Здесь страха нет, бесспорно, но нам не угодишь!Пропахло всё уборной от почвы и до крыш.
Был ярок на восходе лик солнца, как герань,При солнечной погоде мы въехали в Казань.
Вот башня Сюимбеки за белизной стены,И церкви как калеки комолые видны.
Немного повозили по поездным путям,И вдруг остановили среди помойных ям.
Мы этаким манером глядим туда-сюда:Постройки из фанеры и беженцев орда.
Был очень образцово отцеплен паровоз.«Давно ль из Могилёва?» — нам задают вопрос.
Казань нас не пускает, в Казани места нет!А наши отвечают: «Мы Ленуниверситет!» —
«А мы без направленья не можем вас принять!Извольте в воскресенье обратно уезжать!»
Казань нас не пускает, в Казани места нет!Хоть наши им вещают про Ленуниверситет!
Так нас без документов никто не принимал.Флер свежих экскрементов пять дней носы ласкал!
Весьма непринуждённо стал дождик поливать.Тогда-то из вагонов нас стали вытряхать.
С прокисшего вокзала деваться нам куда ж?На актовое зало пошли мы в абордаж!
В вечерней этой схватке держали за грудки,И били под лопатки тараном сундуки.
Ну, должен я признаться — Москве держаться где ж?Пробили ленинградцы в рядах швейцаров брешь!
И в актовое зало, не тратя лишних слов,Внесли с собой не мало — пять тысяч сундуков!
К досаде Академии, с победой на лице,Устроились на время в рогожном мы дворце.
С балконного помоста за Волгой лес синел!И дни скользили просто, с тревогой, но без дел!
Но думалось в палаццо рогожном сём с утра,Как будто приниматься за дело нам пора!
Однажды утром алым раздалось там и тут,Что нас всем филиалом в Елабугу везут.
В рогожном светлом зале на эту новость все«Елабуга!» вскричали: «Где это?

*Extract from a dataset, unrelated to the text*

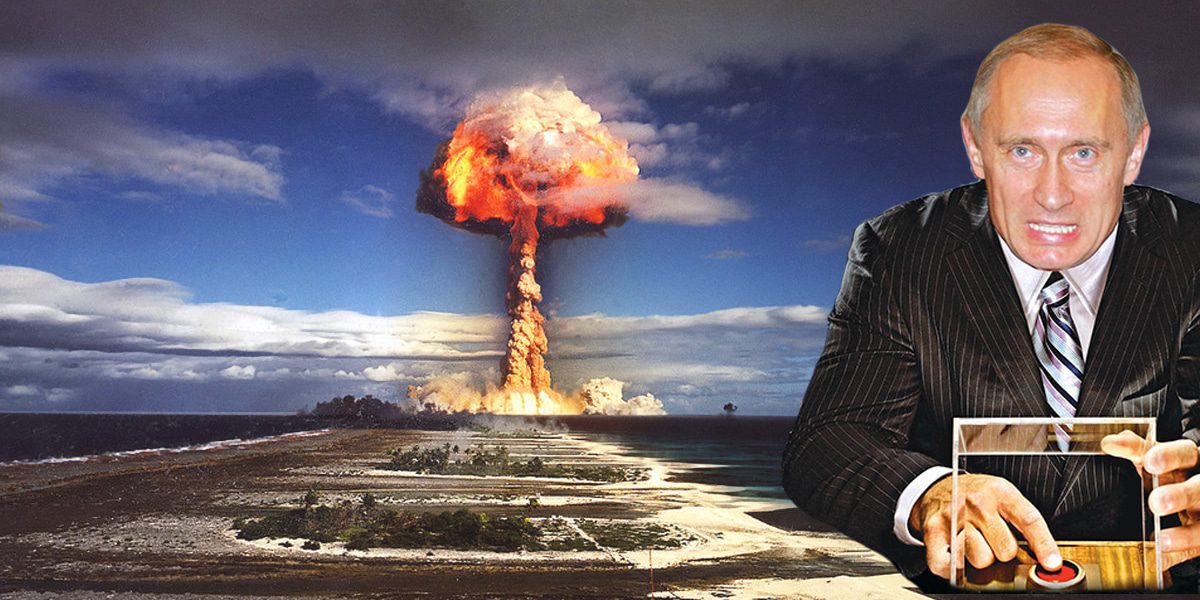 Putin’s Nuclear Blackmail! If the West Continues to Fear and Retreat, Nuclear War Will Become Inevitable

Кес ке се?»
Про сей приют на Каме ни вы, ни он, ни я —Мы в Ленинграде с вами не слышали, друзья!
Но ловкий мальчик Вильнер уже отъезду рад!Толкует всем умильно про коз и поросят!
Как миги жизни ярки — прекрасная пора!Профессорши — в доярки, в колхоз — профессора!

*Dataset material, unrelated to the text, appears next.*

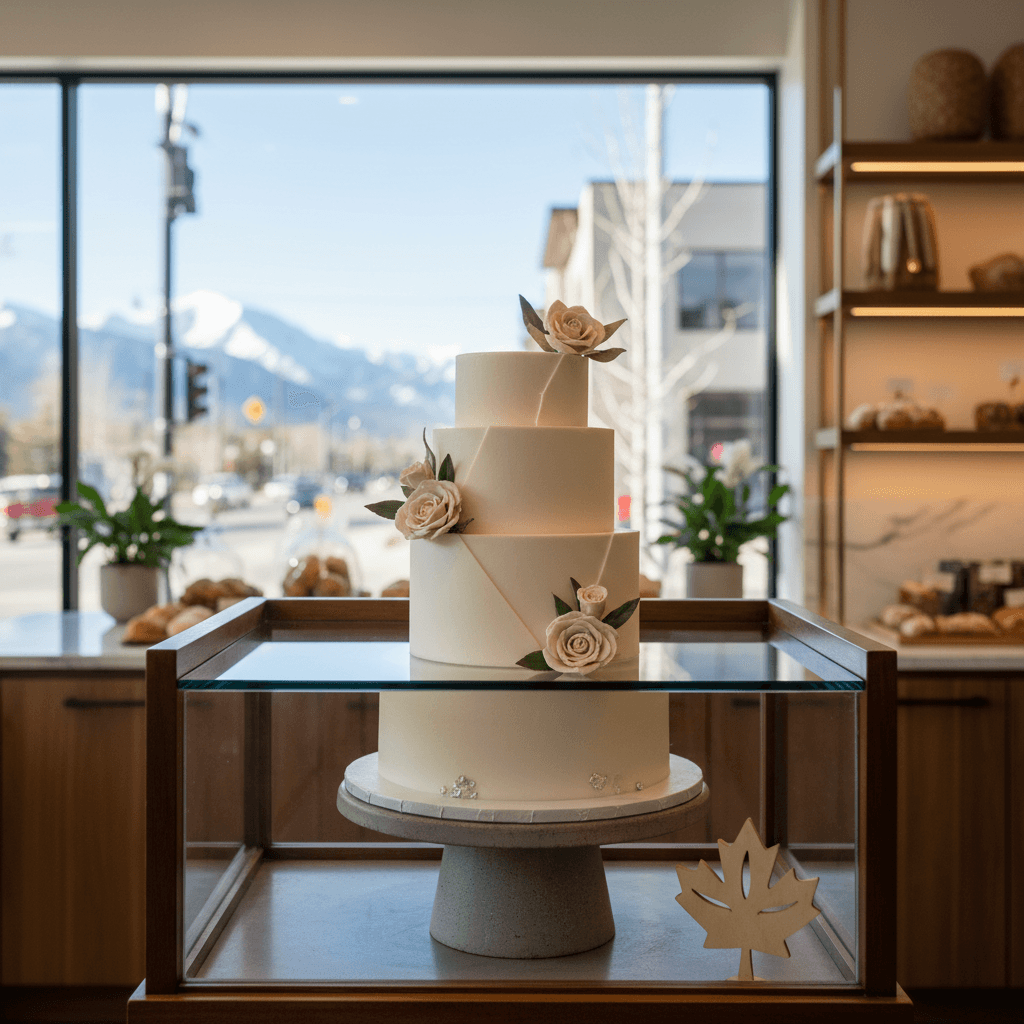 Wedding cake by Kinni Cakery - 100% Eggless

В Елабугу — как грустно… Но выполнить сей планПриказывает устно Виктор Амбарцумян!
В Елабуге унылой — судьба нам зимовать!Тут бросились все мыло в Казани закупать!
И на базаре бодро искали каждый часТопор, ухваты, вёдра, кастрюли или таз.
На улицах немало дивилась детвора,Как ржавые мангалы несли профессора.
И было утро чисто, омытое от снов.Поехали на пристань пять тысяч сундуков!
Семья Амбарцумянов поместилась в доме, в котором с ними жили и хозяева. Дом был расположен на возвышении, близко к берегу Камы. Здесь им выделили две не очень тёплые комнаты. Кроме того, около входа был маленький закуток, где помещалась кровать самого Амбарцумяна. Зимой в Елабуге морозы достигали 45 градусов. Здесь они прожили два с половиной очень трудных года. В особенности трудной была первая, очень свирепая зима. Не было тёплой одежды, и питались одной заварухой из муки. Дети, естественно, часто болели.